* **Materials provided**
+++

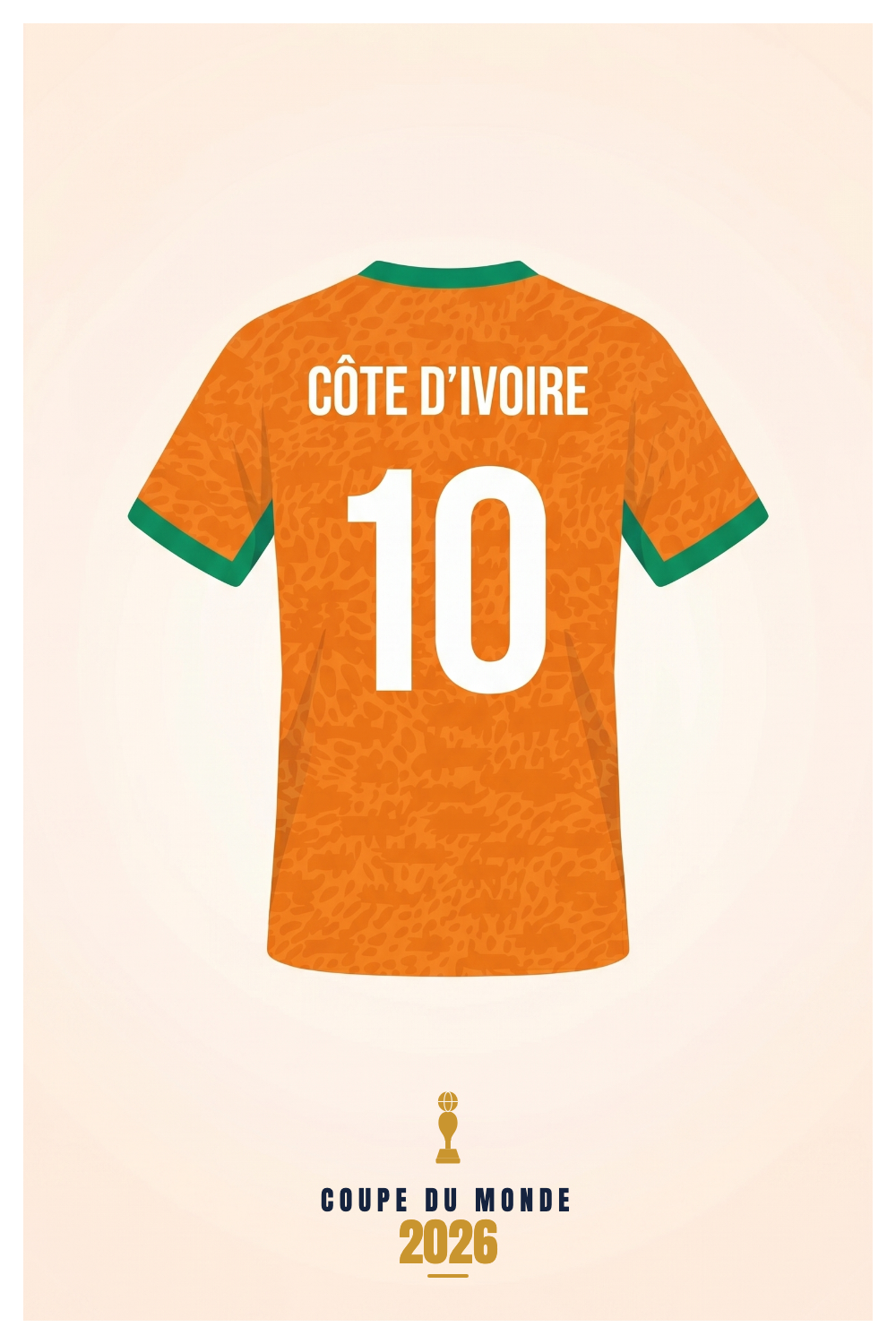 Affiche CÔTE D'IVOIRE - Coupe du Monde 2026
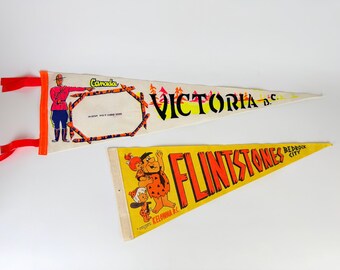 ヴィンテージカナダお土産フェルトテーパードペナント/壁掛け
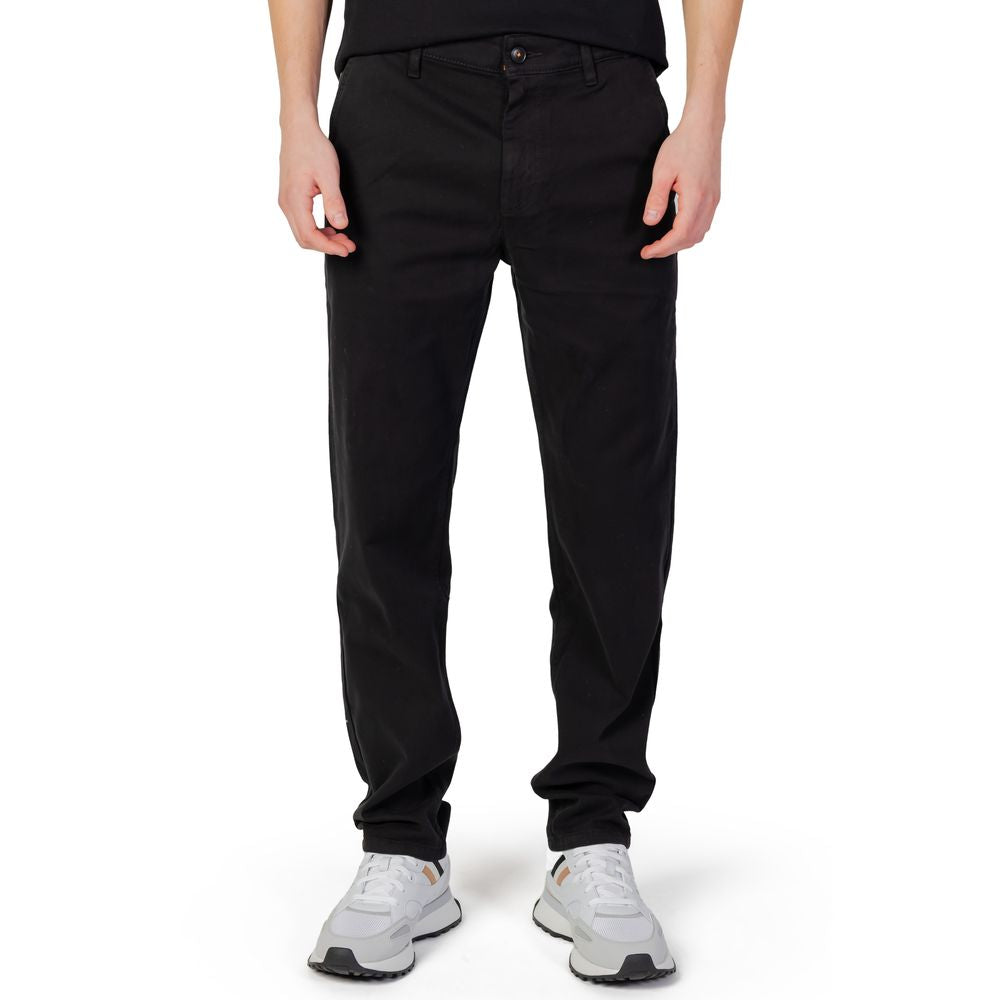 Hugo Boss Black Cotton Jeans & Pant Hugo Boss Black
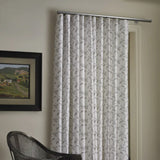 Invisible curtain track silver with drapery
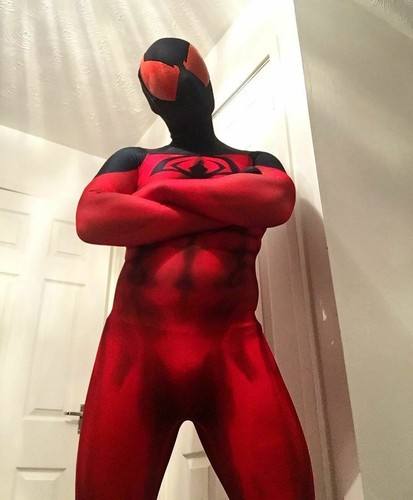 Scarlet spider man tuta body - spider-man,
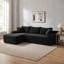 Canapé modulaire 106,32 "avec canapé en L modulaire avec méridienne en L et canapé en velours côtelé faisant face à gauche pour le salon, la chambre à coucher-1109848322
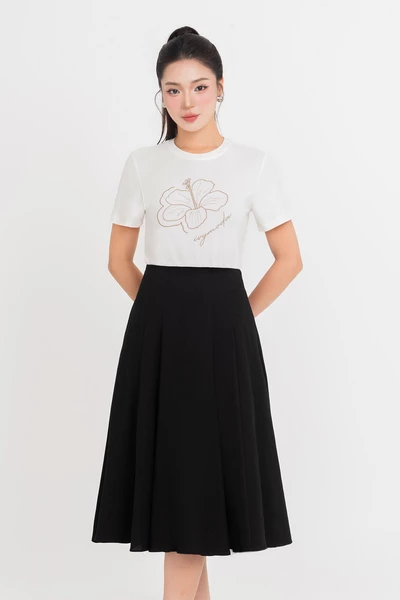 Bloom Softly Tee - Áo thun cotton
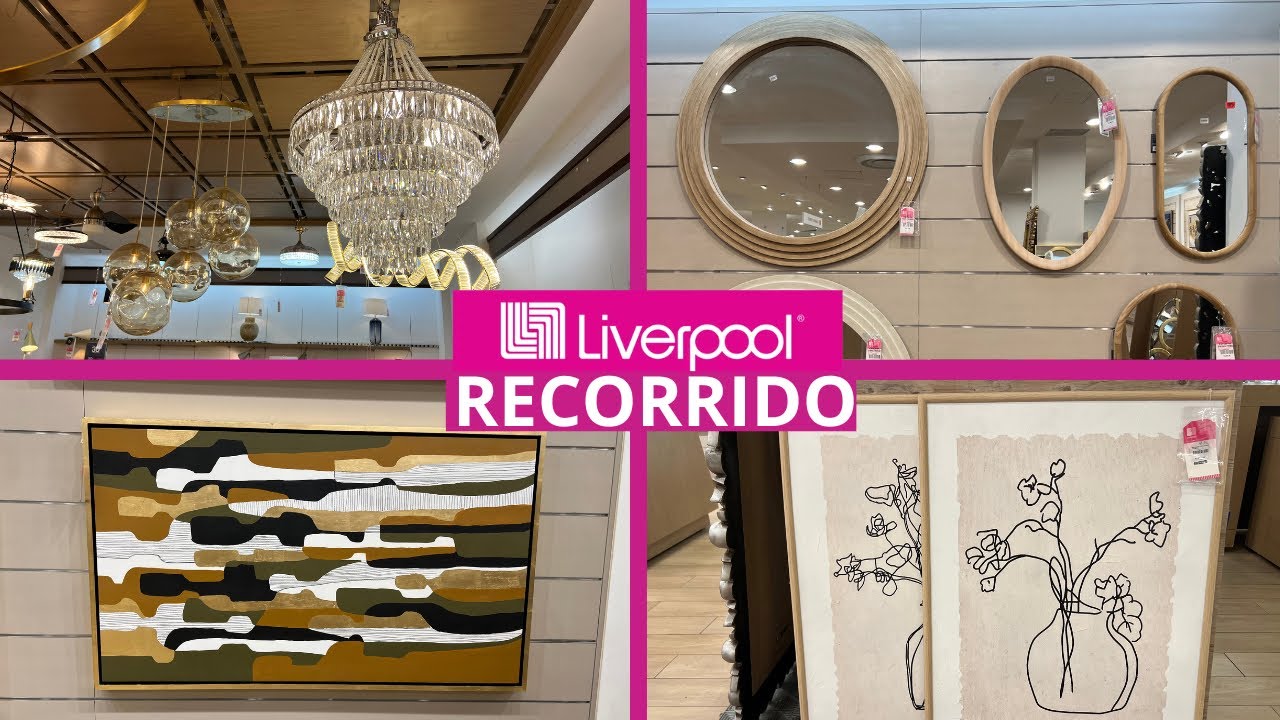 Lámparas, espejos y cuadros para tu Hogar! 30% de Descuento en Liverpool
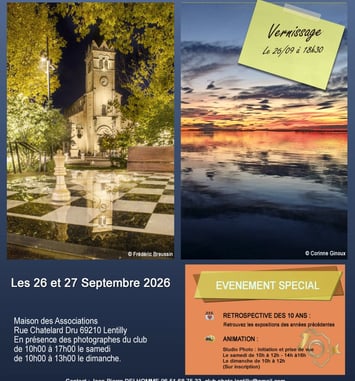 Exposition photos du Club Photo de Lentilly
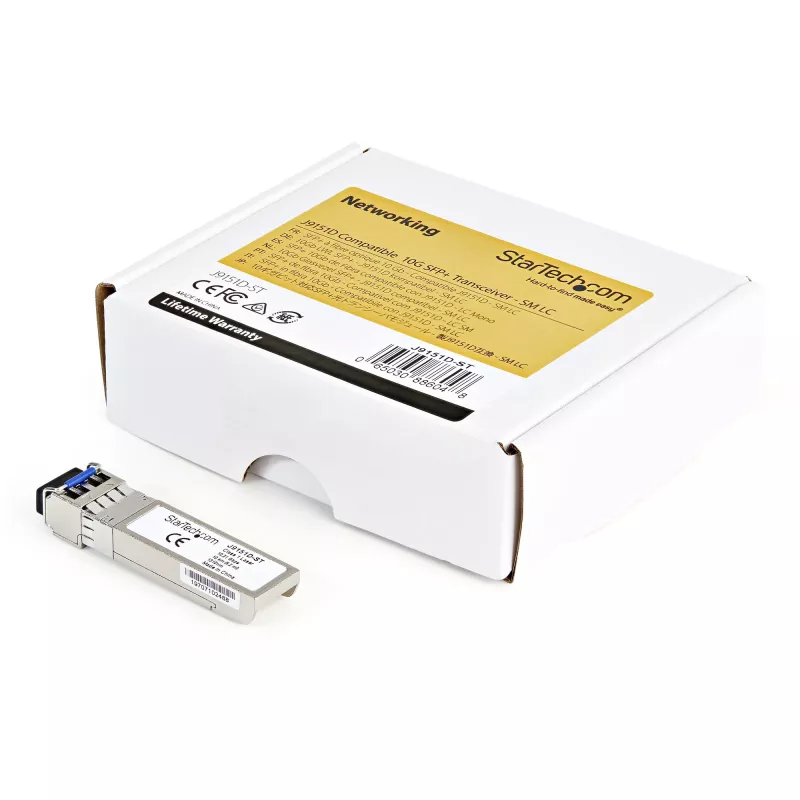 StarTech.com HPE J9151D kompatibilný SFP+ modul – 10GBASE-LR – 10GbE Singlemode Fiber transceiver – 10GE Gigabit Ethernet SFP+ – LC 10km – 1310nm – DDM HPE 2540, 2920, 2930M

+++

* **Exercise details**
Repeat the lines from the line containing "Scarlet spider man" through the end of the material above exactly, with no pictures and nothing else.

* **Answer area**
 Scarlet spider man tuta body - spider-man,
 Canapé modulaire 106,32 "avec canapé en L modulaire avec méridienne en L et canapé en velours côtelé faisant face à gauche pour le salon, la chambre à coucher-1109848322
 Bloom Softly Tee - Áo thun cotton
 Lámparas, espejos y cuadros para tu Hogar! 30% de Descuento en Liverpool
 Exposition photos du Club Photo de Lentilly
 StarTech.com HPE J9151D kompatibilný SFP+ modul – 10GBASE-LR – 10GbE Singlemode Fiber transceiver – 10GE Gigabit Ethernet SFP+ – LC 10km – 1310nm – DDM HPE 2540, 2920, 2930M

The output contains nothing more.